The Quebec City Summit has already done much to deepen democracy in a hemisphere where it remains a recent and often fragile principle and practice in many places. Democracy has been adopted as the primary message and unifying theme of this summit. The preparatory process has decided that all members must remain true to the democratic faith to stay in the community, and that leaders will spring into action to help prevent any backsliding should any one be tempted to revert to the old authoritarian ways. To make a downpayment on and demonstration of deeper democracy, the Canadian government as host has helped to finance the activities of civil society activists outside the Summit meeting, and invited the most active civil society leaders of the hemisphere inside for a dialogue with democratically elected ministers. During the Summit itself, the many thousands of citizens who have come to Quebec City to show they care about constructing a hemispheric community the right way, the modesty of the security precautions - relative to the norm for global summitry - and the professionalism and self-restraint of the security forces provide a powerful message to those inside and outside the hemisphere of how civil society activists and state security forces in the Americas now do and must interrelate as the new century unfolds.
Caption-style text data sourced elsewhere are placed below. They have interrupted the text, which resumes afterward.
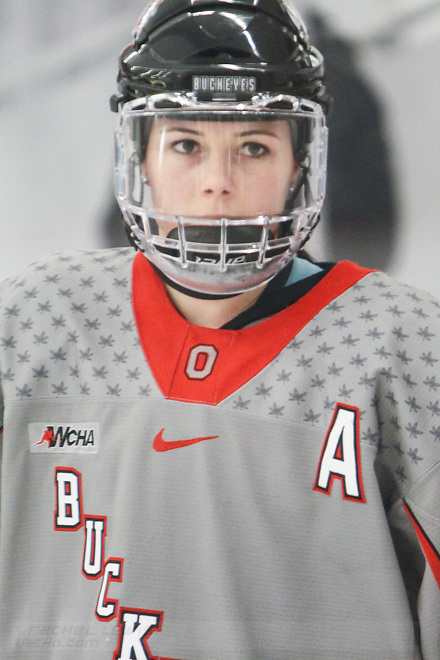 Jincy Dunne (OSU - 33) The #1 Wisconsin Badgers complete the sweep over the Ohio State Buckeyes with a 5-0 win Saturday, December 10, 2016 at the OSU Ice Rink in Columbus, OH. (Rachel Lewis)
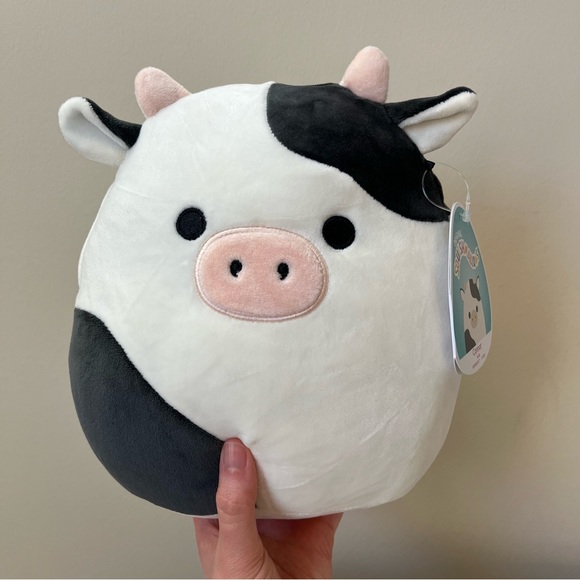 Squishmallows Other - NWT Squishmallows Connor Cow Black Nostrils 8” Squishmallow Farm Squad
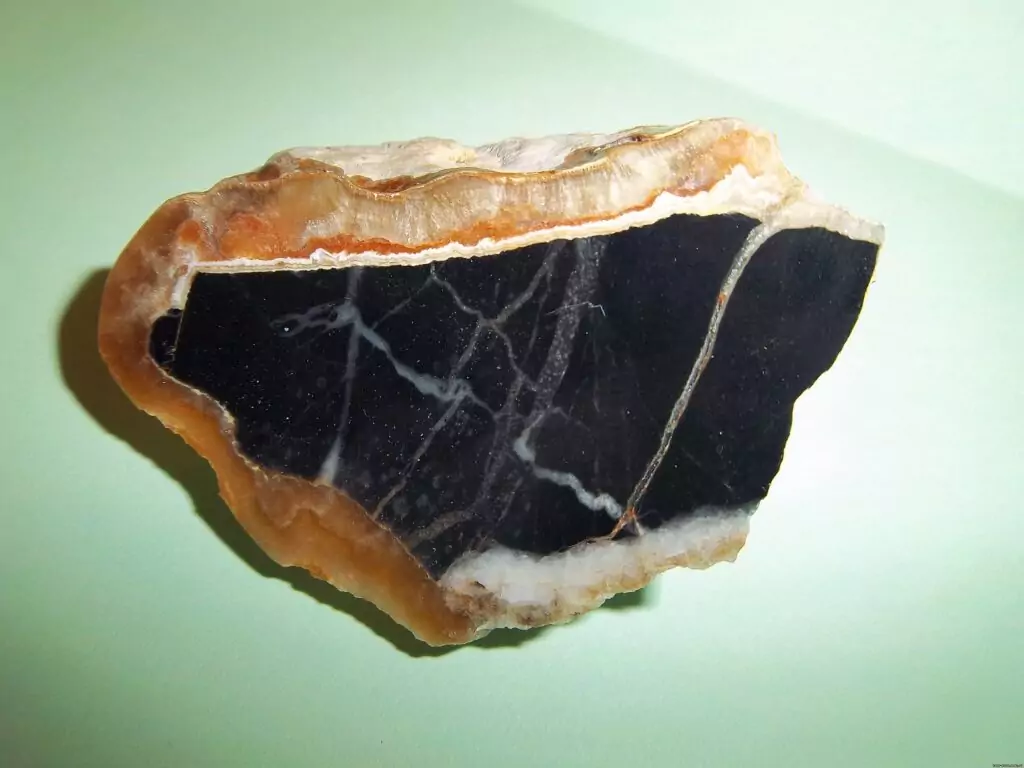 Кристал Оникс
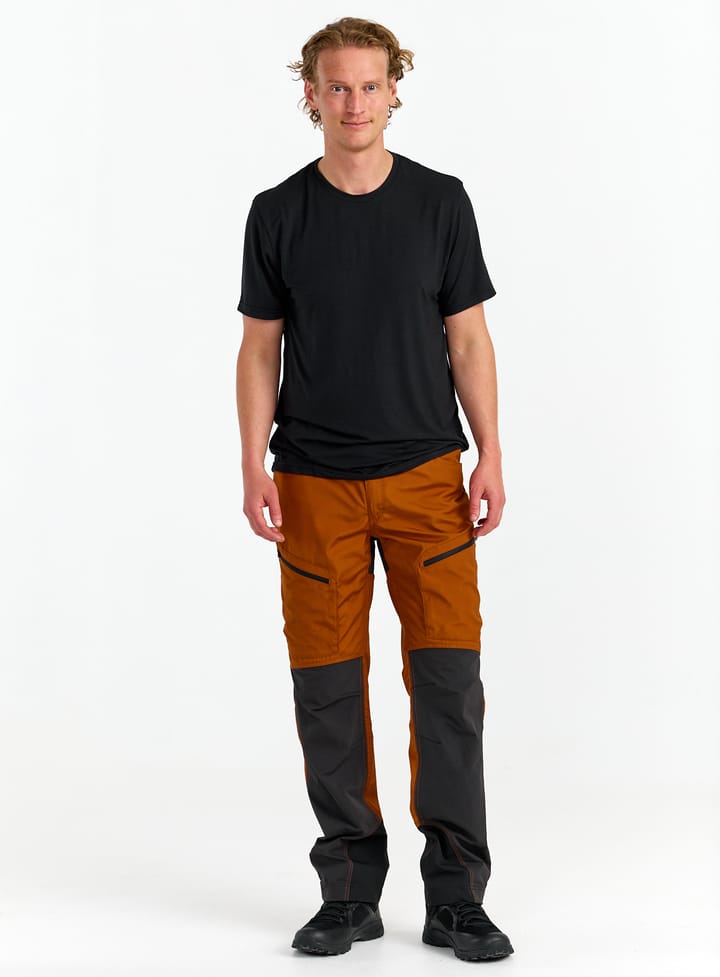 Urberg Men's Tree Tee Silver Pine Urberg Urberg Men's Tree Tee Silver Pine Urberg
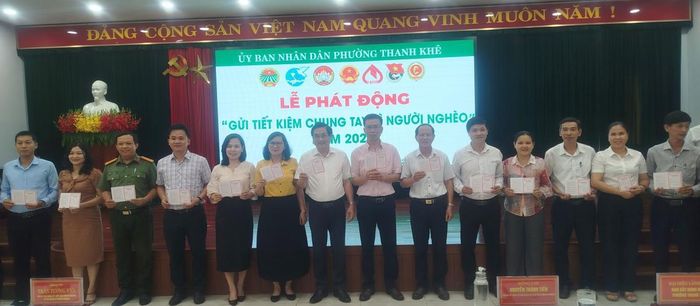 Cán bộ, công chức, viên chức, lực lượng vũ trang tham gia gửu tiết kiệm vì người nghèo.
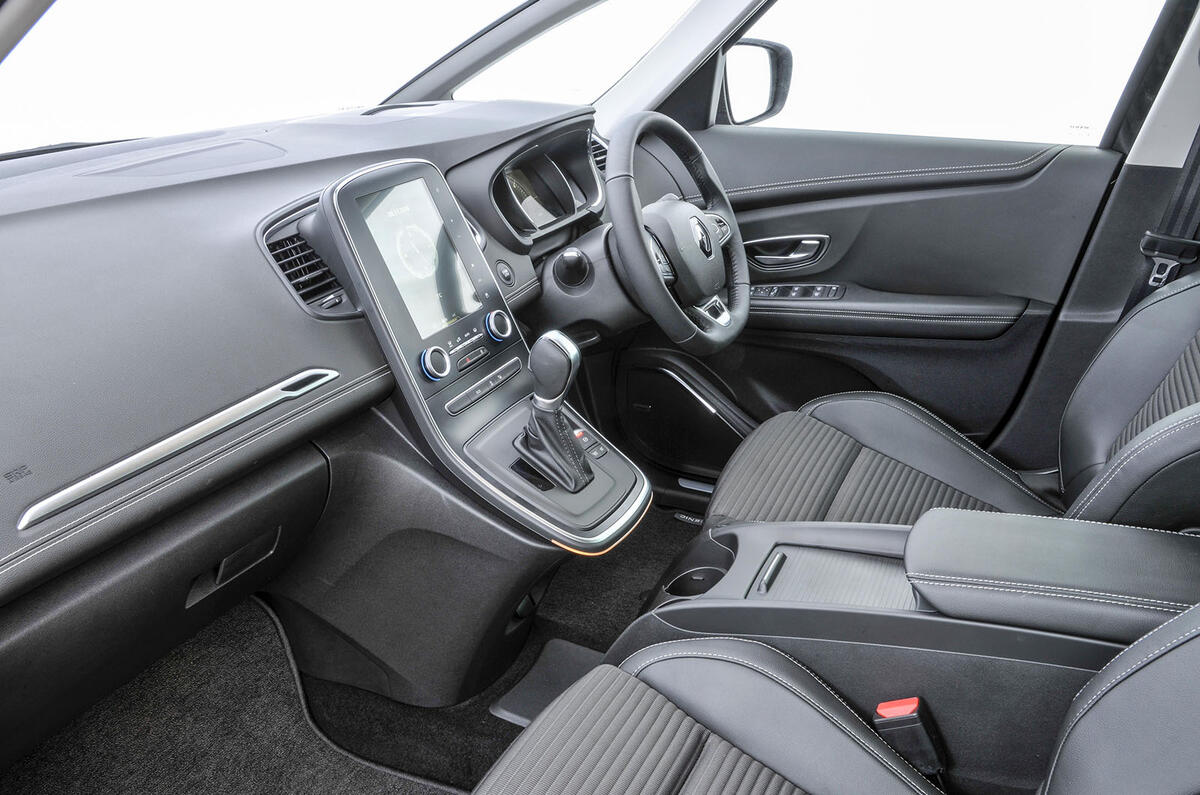 Renault Scenic interior front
Progress has also been made in the long, hard process of opening trade and investment in ways that support the social values and prosperity that the poorer members of the hemisphere badly want and need. The wealthy, mostly white citizens of northern North America have chosen not to fence themselves off in their rich, secure NAFTA enclave, but to tear down the barriers. In so doing, they will allow all the other poor democratic countries of the hemisphere to join Mexico in having equal access to the prosperous markets of the United States and Canada, and in freeing consumers in those countries to more easily access the goods, services and ideas from those further south. Canada will make a credible downpayment on this process by announcing at the Summit's end the conclusion of a bilateral agreement for open trade with Costa Rica, with good environmental protections built in. The FTAA negotiators have already agreed to take a hard look at anti-dumping and countervailing measures, so that rich North America cannot take back with the big fist of process protectionism what it gives with the other hand in tearing border barriers down. And Canada's trade minister Pierre Pettigrew, in a historic breakthrough in trade negotiations, has already talked his colleagues into releasing the draft text of the FTAA a full four years before its prospective conclusion, so people can see for themselves what is really there, learn what it means and suggest better ways to make an agreement work for the benefit of all.

Even with this early harvest, there is much more that the popularly elected leaders gathered together face to face at their Democracy Summit have the power to do. And precisely because it is a democracy summit, their citizens from civil society, both inside and outside the secure zone, have every right to ask that these leaders realize the great potential that democracy and summitry together bring.